Críticas AdoroCinema
1,5
Ruim
Pelé - O Nascimento de uma Lenda

A fábrica de sonhos

por Bruno Carmelo

Mistério do cinema: algum elemento na paixão nacional pelo futebol nunca se traduziu muito bem nas telas. Mas não foi por falta de tentativa. O cinema brasileiro produziu dezenas de ficções e documentários sobre o tema (O Futebol, Campo de Jogo, Boleiros), nenhum com grande destaque nas bilheterias. Talvez o público do esporte não seja o mesmo das salas escuras; talvez a representação do futebol retire a espontaneidade e o senso de urgência das partidas. De qualquer modo, Pelé já recebeu outra tentativa de popularização nos cinemas. Em 2004, o documentário Pelé Eterno foi lançado. Fracassou.

Agora, Pelé - O Nascimento de uma Lenda tenta uma abordagem sensivelmente diferente, visando o público estrangeiro. A produção é financiada por americanos, dirigida por americanos, e traz um Brasil no qual os moradores das favelas falam inglês. Este deve ter sido apenas um detalhe para os produtores, porém o efeito é a imediata artificialidade. A língua está atrelada à cultura, e o linguajar específico das favelas encarrega-se de transmitir a comunicação de uma classe socioeconômica particular. A solução encontrada foi uma incômoda fusão entre português e inglês: os garotos dizem algo como “Poxa, mãe, I want to play soccer!”.

As imagens aprofundam a impressão teatral. O diretor de fotografia Matthew Libatique, elogiado por produções como Mãe! e Réquiem Para um Sonho, aposta num registro saturado de cores, de câmeras lentas, de flares enfeitando cada imagem. O filme se desenvolve como um longo spot publicitário, no qual as bolas de futebol, encobertas de terra, liberam pó pelos ares quando voam, enquanto os garotos negros brilham ao pôr do sol alaranjado – o dia inteiro é pôr do sol, o dia inteiro é alaranjado.

A noção da pobreza como sinônimo de pureza é explorada sem meios termos. Durante o lançamento de Cidade de Deus (2002), a teórica Ivana Bentes tinha sugerido o termo “cosmética da fome” para descrever a miséria embelezada para os olhos da classe média. Naquele caso, os atores tinham sido besuntados de óleo, para as suas peles brilharem mais. Só os atores negros, vejam bem. Como se eles precisassem ser adornados para se tornarem bonitos... O conceito foi descartado após debates, mas em casos como este, mereceria ser discutido mais uma vez.
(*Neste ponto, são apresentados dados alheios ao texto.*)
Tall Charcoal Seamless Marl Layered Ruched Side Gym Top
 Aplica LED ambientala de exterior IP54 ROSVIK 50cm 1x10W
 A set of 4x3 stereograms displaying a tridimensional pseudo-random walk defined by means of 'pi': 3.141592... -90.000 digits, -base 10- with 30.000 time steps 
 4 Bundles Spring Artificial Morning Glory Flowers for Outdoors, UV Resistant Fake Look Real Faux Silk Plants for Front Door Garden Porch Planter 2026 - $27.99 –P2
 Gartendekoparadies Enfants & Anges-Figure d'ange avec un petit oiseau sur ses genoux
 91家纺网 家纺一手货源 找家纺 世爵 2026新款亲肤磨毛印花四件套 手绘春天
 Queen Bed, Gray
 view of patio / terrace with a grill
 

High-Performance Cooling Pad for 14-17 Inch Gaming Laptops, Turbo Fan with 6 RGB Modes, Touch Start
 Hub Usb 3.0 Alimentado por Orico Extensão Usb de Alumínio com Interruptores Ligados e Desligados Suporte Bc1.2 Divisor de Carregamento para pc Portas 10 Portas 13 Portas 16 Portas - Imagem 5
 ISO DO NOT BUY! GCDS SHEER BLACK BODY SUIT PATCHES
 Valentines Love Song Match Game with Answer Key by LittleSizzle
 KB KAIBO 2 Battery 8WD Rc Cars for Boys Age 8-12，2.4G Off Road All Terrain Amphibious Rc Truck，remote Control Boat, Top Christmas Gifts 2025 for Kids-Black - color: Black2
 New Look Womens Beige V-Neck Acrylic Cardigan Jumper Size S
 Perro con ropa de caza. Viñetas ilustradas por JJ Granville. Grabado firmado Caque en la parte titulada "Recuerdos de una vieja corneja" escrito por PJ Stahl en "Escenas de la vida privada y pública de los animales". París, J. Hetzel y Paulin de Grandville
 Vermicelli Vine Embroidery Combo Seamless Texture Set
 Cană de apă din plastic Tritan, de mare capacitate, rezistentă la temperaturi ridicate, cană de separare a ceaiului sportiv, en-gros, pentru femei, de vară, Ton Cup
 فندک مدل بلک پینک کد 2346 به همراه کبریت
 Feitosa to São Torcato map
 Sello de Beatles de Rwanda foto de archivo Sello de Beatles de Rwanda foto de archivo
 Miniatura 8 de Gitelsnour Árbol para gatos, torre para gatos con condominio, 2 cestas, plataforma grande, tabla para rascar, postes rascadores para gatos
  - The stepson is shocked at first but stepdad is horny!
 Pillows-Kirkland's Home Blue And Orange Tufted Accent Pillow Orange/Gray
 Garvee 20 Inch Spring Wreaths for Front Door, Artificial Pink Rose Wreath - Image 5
E quanto a Pelé? E o futebol, o humanismo, o esporte brasileiro? Os atores fazem o possível para trazer verossimilhança ao mundo de sonhos. Seu Jorge já provou a eficiência em muitos outros projetos, e Mariana Nunes é capaz de transmitir emoções complexas apenas com o olhar – vide sua participação no recente Zama. Ambos se esforçam nos momentos melodramáticos, ao lado de bons garotos novatos interpretando Pelé. O roteiro aposta na trajetória hiperbólica do azarão: durante a Copa do Mundo de 1958, o Brasil é visto como o mais improvável de todos os países, e Pelé como o menos indicado para a partida.

O final da história, todos conhecemos. Bandeiras brasileiras vibram, os personagens elogiam a nossa “ginga”, o tal primitivismo apontado pelos estrangeiros, o senso de improviso, a alegria de viver. O roteiro confunde a adaptação dos jogadores pobres à falta de recursos com um estilo inerentemente animalesco. Ou seja, confunde o biológico e o cultural. Os jogadores brasileiros, negros em especial, muitos com limitações físicas, são vistos como esta espécie deslumbrante por seu exotismo, apaixonantes por serem tão pouco civilizados. O elogio desprovido de empatia se torna a máscara do preconceito.

No que diz respeito à História nacional, os traços maiores estão presentes – os resultados dos jogos, os nomes dos jogadores, dos países, a lesão antes da partida, algumas características principais dos personagens. Pelé é transformado em herói, gênio antes de seu tempo, esportista inovador, símbolo nacional. Não existe ambiguidade na história visando reforçar o status de lenda. Os irmãos Zimbalist inserem o ídolo no mundo cor-de-rosa da meritocracia e das exceções que desejam se passar pela regra.